Given data START
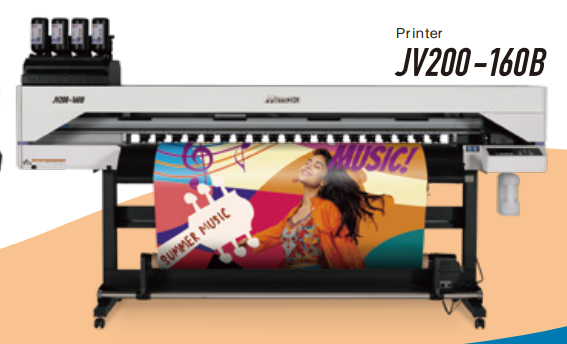 Mimaki JV200-160B 1610mm Wide-Format Eco-Solvent Printer with 1200dpi Resolution and CS250 Ink for Vinyl Banner Printing
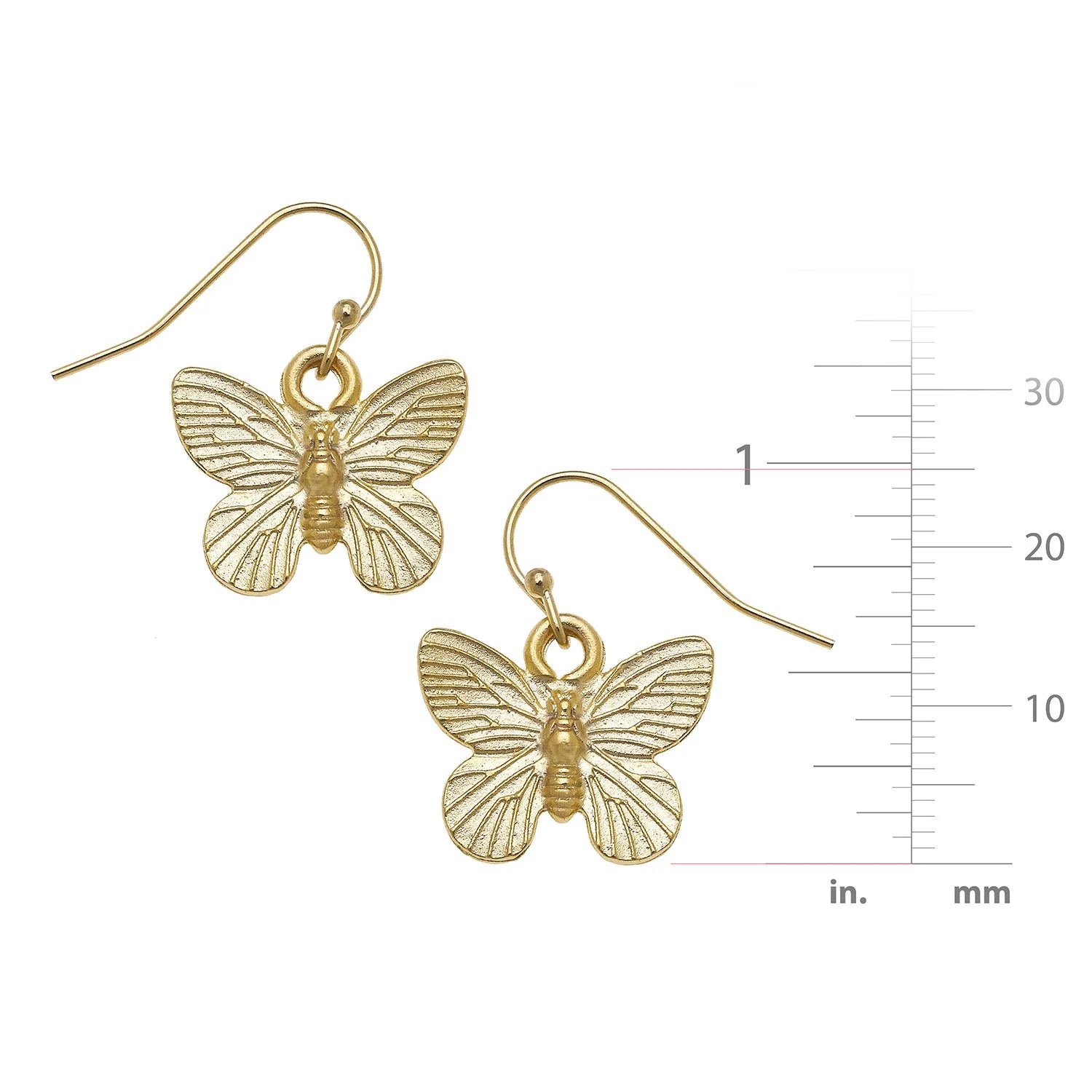 Butterfly Drop Earrings - Juli's Wearable Art
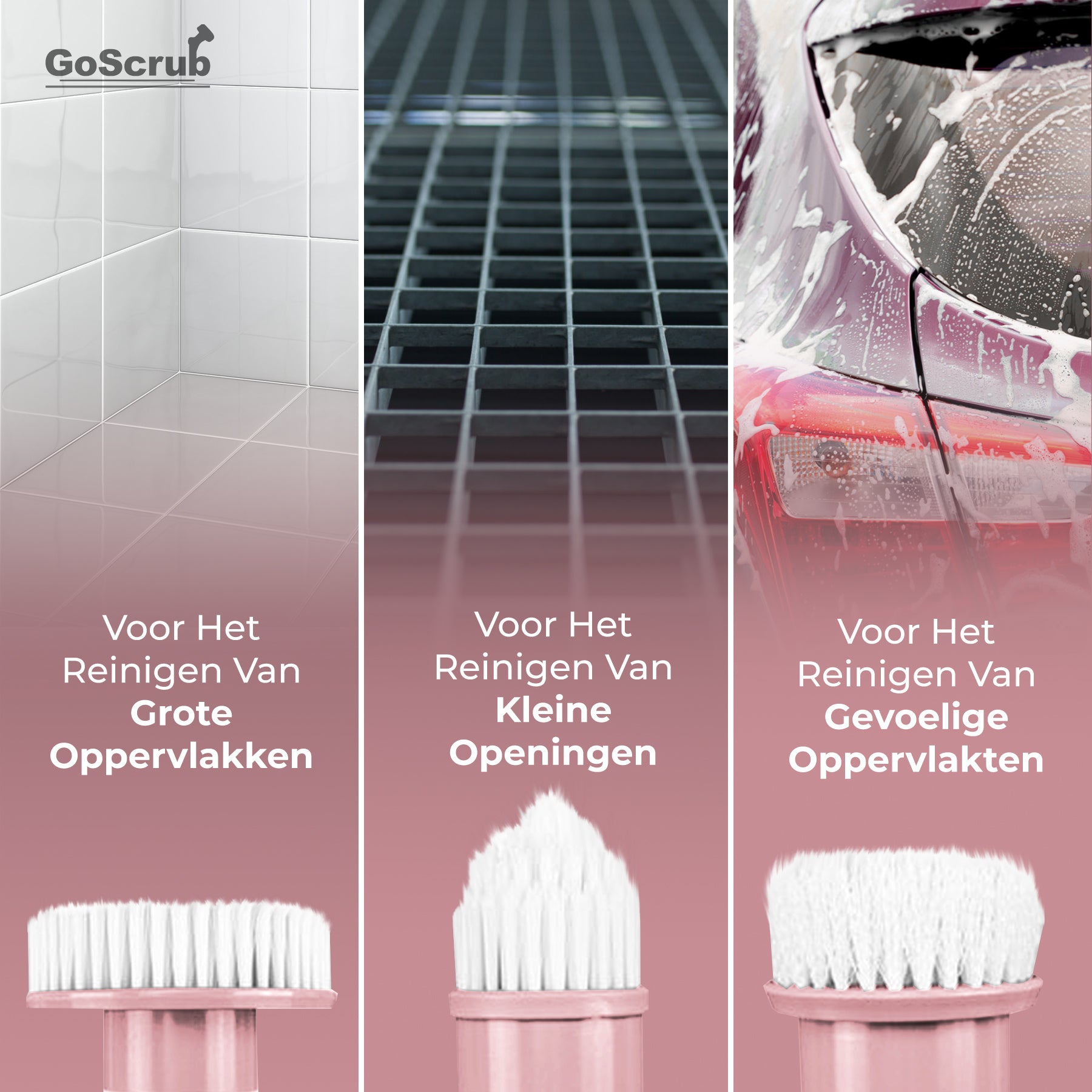 GoScrub® - Cleaning Master - Roze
Given data END
Images in the data above are to be skipped. Retype all other material exactly.

:: Solution to this exercise ::
 Mimaki JV200-160B 1610mm Wide-Format Eco-Solvent Printer with 1200dpi Resolution and CS250 Ink for Vinyl Banner Printing
 Butterfly Drop Earrings - Juli's Wearable Art
 GoScrub® - Cleaning Master - Roze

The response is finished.